水、空気、土、人。あるものを活かし揺るがない暮らしを
水、空気、土、人。
あるものを活かし揺るがない暮らしを
「活かす」という鍵を持つ人
西中国山地自然史研究会 事務局/もんぺる代表
河野弥生 さん
2024年5月25日
愛着のあるものを最後まで。広めたいのはそんな価値観
さあ、シーズン。「高原の自然館」は冬季休館を終え、西中国山地の大自然を求めてやってくる人たちを迎える日々が始まった。
臥竜山のブナ林や八幡湿原、生息・生育する動植物を紹介するこの施設を拠点に活動する河野弥生さんの忙しい日々も戻ってきた。自然館に事務局を置くNPO法人の職員として、自然観察会や保全活動に取り組む。
「何かの専門家かと聞かれるけど、近所に住んでいるだけ」。
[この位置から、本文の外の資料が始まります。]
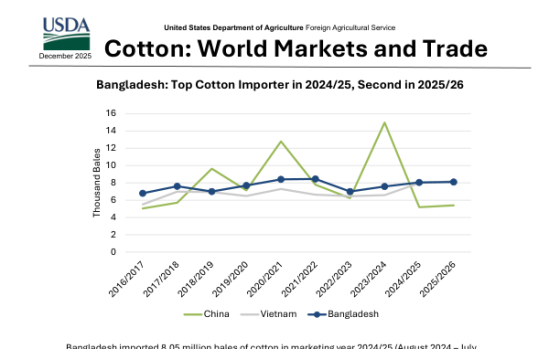 USDA – Cotton: World Markets and Trade, Dec 2025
短大進学で香川から広島へ、そして結婚で2001年に芸北へ。誘われ、アルバイトをしていた食堂の隣の自然館で働きだして20年経つ。
週5日勤務のほか、仲間4人と取り組むのが、自ら立ち上げた「もんぺる」。不用の着物をリメイクしてもんぺにする活動だ。定期的に開く販売会はいつも大盛況。広島市内での販売会では、海外からの観光客も多く訪れた。
きっかけは15年ほど前。子ども服作りが好きな友人と義母の実家で店を開き、年1回を10年続けた。よく売れたのが実母が「これも置いたら」と送ってくれたもんぺ。アウトドアブランドをもじって友人が命名した。
「自分の着てるものに愛着を持ったり、愛着を持つものを修理したり、あるものを使ったり」。そんな価値をこそ売りたいから、もんぺはあくまでアイコンだという。
「日本中で、2億枚もの着物がタンスに眠っているとか。繕って最後まで使う考え方を広めたい」。まちづくり、地域づくりでも、貫く思想は重なっている。
古いものの良さを残し、「揺るがない社会」目指したい
過疎に危機感はあるが、水、空気、土という財産があるから悲観しない。
「ここよりいい場所はないから」。そこに人の手を加えることで、豊かな里山を保てる。そう信じている。
最近、高齢化や人手不足で仕方なく、神社のしめ縄がプラスチック製になっている。何かが失われていくと感じる。古いものの良さを残す広島であってほしい。「揺るぎない暮らし」を守り「揺らがない社会」を目指したい。
ひろしまの好きなところ「原爆ドームと川」
街中のドームは暮らしの中に平和があると感じさせてくれる。その前を流れる川の源流域がここ。
多くのことが自治体で区切られているけど、流域で考えたらいろいろ繋がっている。
NPO法人西中国山地自然史研究会
もんぺる
河野 弥生(こうの やよい) さん
「活かす」という鍵を持つ人
西中国山地自然史研究会 事務局/もんぺる代表
香川生まれ。広島市内の短大に進学後、2001年、結婚を機に北広島町へ移住。NPO法人西中国山地自然史研究会の事務局職員として「芸北 高原の自然館」に勤務。古い着物をもんぺに仕立て直す〈もんぺる〉の代表も務める。